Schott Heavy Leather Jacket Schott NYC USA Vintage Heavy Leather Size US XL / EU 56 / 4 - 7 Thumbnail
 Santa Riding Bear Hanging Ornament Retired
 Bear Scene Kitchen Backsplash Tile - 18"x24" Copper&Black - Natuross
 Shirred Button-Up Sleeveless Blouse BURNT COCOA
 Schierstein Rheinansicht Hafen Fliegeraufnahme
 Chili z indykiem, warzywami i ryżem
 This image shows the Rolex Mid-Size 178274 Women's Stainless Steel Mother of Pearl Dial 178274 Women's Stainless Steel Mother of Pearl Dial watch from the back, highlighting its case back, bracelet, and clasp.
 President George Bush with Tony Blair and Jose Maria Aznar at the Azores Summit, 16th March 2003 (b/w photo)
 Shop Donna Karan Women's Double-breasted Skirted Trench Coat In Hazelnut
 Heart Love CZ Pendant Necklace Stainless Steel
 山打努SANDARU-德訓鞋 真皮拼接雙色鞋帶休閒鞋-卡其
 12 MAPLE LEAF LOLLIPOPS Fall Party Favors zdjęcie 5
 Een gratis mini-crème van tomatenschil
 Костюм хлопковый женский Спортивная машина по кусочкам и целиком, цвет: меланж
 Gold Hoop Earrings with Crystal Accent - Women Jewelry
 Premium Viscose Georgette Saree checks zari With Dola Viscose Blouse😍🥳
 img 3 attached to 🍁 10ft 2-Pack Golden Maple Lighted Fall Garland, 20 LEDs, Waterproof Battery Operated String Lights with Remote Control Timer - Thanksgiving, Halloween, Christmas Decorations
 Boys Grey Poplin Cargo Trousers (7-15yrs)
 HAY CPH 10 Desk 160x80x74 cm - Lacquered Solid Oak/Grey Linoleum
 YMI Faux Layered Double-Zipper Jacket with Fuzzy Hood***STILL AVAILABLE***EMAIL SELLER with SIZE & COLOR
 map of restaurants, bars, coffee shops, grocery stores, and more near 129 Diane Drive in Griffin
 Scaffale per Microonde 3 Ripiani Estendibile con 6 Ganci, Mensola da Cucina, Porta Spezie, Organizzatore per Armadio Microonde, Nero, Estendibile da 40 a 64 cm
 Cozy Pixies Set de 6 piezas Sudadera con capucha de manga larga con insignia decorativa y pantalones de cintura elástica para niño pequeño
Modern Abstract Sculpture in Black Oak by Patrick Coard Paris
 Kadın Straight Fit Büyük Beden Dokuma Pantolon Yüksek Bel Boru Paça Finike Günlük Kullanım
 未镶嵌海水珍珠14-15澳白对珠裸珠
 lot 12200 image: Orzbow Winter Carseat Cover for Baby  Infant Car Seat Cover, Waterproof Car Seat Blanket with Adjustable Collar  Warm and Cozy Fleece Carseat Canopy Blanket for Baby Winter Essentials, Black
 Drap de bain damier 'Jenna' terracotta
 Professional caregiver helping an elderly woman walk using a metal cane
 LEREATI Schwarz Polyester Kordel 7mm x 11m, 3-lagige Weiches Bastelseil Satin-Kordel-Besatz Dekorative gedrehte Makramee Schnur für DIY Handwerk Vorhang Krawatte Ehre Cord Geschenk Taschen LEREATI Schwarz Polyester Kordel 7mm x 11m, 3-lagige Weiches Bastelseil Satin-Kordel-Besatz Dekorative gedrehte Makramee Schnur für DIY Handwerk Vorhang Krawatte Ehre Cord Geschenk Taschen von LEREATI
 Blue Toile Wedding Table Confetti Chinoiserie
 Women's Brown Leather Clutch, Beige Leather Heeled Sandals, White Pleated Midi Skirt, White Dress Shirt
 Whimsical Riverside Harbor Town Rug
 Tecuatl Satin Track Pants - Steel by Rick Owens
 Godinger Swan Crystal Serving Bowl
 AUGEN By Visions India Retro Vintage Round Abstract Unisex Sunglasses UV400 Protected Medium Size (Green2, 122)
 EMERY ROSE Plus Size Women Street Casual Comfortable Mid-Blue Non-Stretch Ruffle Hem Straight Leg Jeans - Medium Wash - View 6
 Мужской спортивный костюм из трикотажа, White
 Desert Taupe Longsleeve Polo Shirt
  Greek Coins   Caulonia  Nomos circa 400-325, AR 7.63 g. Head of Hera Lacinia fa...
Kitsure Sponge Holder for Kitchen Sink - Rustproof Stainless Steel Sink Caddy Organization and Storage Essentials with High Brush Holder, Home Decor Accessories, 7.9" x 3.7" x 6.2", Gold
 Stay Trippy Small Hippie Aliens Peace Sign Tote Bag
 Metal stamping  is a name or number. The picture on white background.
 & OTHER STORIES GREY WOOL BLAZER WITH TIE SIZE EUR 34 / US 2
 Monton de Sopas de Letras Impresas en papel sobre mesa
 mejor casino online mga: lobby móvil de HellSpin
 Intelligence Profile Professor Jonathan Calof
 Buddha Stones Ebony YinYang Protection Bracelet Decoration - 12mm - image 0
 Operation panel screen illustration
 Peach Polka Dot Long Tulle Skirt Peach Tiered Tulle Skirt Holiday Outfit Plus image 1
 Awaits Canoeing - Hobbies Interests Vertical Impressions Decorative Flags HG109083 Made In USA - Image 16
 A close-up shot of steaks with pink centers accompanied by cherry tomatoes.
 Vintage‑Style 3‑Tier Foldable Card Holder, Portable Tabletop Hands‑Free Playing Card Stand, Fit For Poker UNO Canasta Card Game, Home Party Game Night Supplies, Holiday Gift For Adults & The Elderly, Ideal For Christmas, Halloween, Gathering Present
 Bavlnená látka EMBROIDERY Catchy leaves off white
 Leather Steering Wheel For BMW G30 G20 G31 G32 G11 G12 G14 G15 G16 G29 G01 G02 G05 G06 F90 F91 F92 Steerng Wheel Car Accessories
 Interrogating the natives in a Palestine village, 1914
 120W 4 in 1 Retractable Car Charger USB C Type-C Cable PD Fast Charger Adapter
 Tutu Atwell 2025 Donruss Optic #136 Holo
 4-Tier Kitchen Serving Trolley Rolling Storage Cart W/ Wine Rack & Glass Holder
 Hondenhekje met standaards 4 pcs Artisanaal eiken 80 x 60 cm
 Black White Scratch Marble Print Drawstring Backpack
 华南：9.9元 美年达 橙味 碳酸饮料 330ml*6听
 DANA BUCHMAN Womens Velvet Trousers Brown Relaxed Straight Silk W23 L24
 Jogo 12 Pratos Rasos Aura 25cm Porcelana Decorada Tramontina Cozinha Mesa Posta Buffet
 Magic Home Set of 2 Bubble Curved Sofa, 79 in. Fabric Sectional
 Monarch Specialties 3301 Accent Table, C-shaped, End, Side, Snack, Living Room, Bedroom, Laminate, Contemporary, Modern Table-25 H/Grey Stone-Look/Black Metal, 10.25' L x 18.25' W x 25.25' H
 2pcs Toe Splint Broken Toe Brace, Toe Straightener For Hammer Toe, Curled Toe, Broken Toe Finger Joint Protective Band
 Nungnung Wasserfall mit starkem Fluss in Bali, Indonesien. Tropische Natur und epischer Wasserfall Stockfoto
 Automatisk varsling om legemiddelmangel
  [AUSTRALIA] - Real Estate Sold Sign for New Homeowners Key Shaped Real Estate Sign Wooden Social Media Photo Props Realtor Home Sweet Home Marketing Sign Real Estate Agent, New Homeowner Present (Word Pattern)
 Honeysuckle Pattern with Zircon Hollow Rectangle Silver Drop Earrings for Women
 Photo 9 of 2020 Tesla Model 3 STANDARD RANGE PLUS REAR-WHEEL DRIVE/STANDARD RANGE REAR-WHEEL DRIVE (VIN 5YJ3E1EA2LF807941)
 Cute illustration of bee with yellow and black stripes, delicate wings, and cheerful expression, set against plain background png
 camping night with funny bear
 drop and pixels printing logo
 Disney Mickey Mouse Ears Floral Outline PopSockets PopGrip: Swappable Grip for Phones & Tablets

• _EXERCISE AIM_
Please copy each line of the entries in which the word "Shirt" shows up.

• _ANSWER SECTION_
 Women's Brown Leather Clutch, Beige Leather Heeled Sandals, White Pleated Midi Skirt, White Dress Shirt
 Desert Taupe Longsleeve Polo Shirt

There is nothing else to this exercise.